Local News

Roads and walls still divide the Galilee

By Joshua Rosenstein, Special to JTNews

This is the last in a series of life in Israel outside of the “hot zones” that we normally read about in the news, and focuses on life between Israelis and Arabs in the northern part of the Jewish State.

Yasmin Dekel has held several jobs where she worked with Arabs; picking apples on kibbutzim, or working in a hotel.

“Working relationships are where good relations develop,” she said. “It’s a realistic meeting place, when you work with people every day you have a basis to develop a relationship. Without it, it is not so realistic.”

David Levi is a toy salesman in his 50s. While he is based in the Krayot outside of Haifa, he sells his wares to the Arab sector across the Galilee.

“Doing business with Arabs is much better,” he says. “They’re up-front, not like lots of Jews who will string you along forever until they pay you. The Arabs have respect for me and I for them, I am like part of the household in Tamra [an Arab village].”
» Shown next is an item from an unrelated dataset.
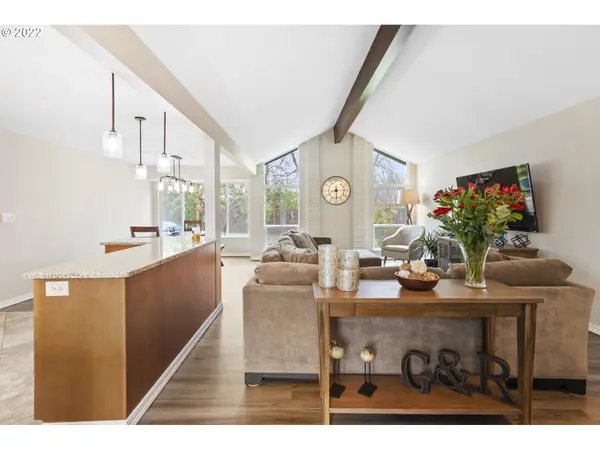 1010 SE 207TH AVE, Gresham, OR 97030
Levi is clear about discrimination in the Galilee.

“Of course Arabs are discriminated against in all arenas,” he said. “Everyone carries pain, of course things are unequal. I won’t lie. One time, I was in a village and a guy started yelling at me; he wanted his land back, Israel took his land. I took a piece of paper and a pen, I wrote out, ‘I, David Levi, hereby give you your land back, God bless you.’ and I gave it to him. I told him he should take it to the government and see what they said.”

Achmed, a fix-it guy in his 30s from Sachnin, does odd jobs and repair work in and around Carmiel. He says that many of the people that stopped coming to Sachnin to bank and shop after the riots are slowly returning.
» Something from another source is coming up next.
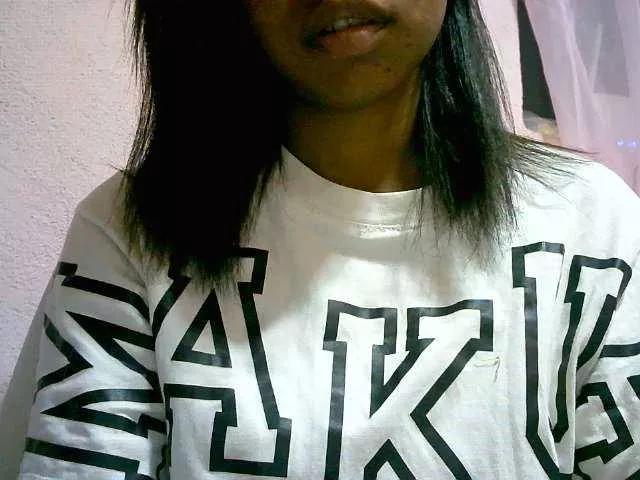 Offline Minou20 on BongaCams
“The quiet has returned to the area,” he says. “The police come and sit and drink coffee right here almost every morning. In Kaukab, things have returned to normal.”
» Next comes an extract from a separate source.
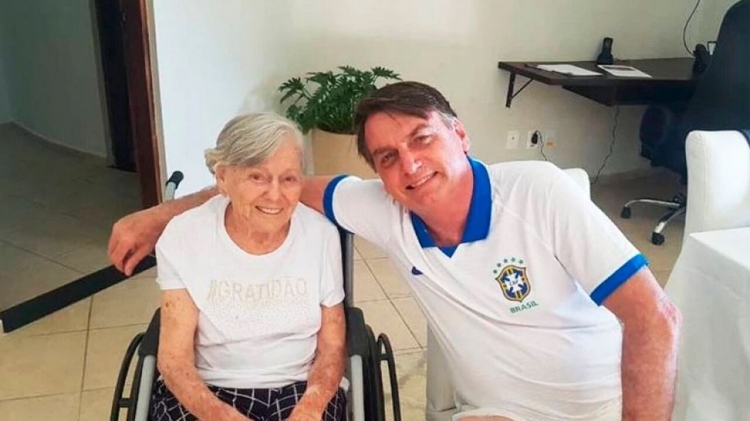 A mãe do presidente Jair Bolsonaro (PL), Olinda Bolsonaro, morreu nesta sexta-feira (21), aos 94 anos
A return to the status quo can be confusing, however. People long for quiet, for business to pick up, for the fear to fade. On the other hand, it has become increasingly clear that the longed-for “quiet” means oppression for 80 percent of the Galilee’s residents.

It took the government several years to produce the Or Report, which blamed Arab politicians for incitement in the riots that rocked this area at the beginning of the intifada four years ago, and the police for total incompetence. Several upper-level officers lost their jobs. The report also blamed the Israeli government for not carrying out any of the promises that had been made to the Arab sector.

Sarah David of Moshav Shorashim sends both of her children to a cross-cultural school in the Misgav region called the Galil School. Though the project has met with a great deal of trials and obstacles, it continues to provide bi-cultural education for grades K-6, to Jews and Arabs, in both Arabic and Hebrew. The riots of ‘00 were difficult for both the school and the parents.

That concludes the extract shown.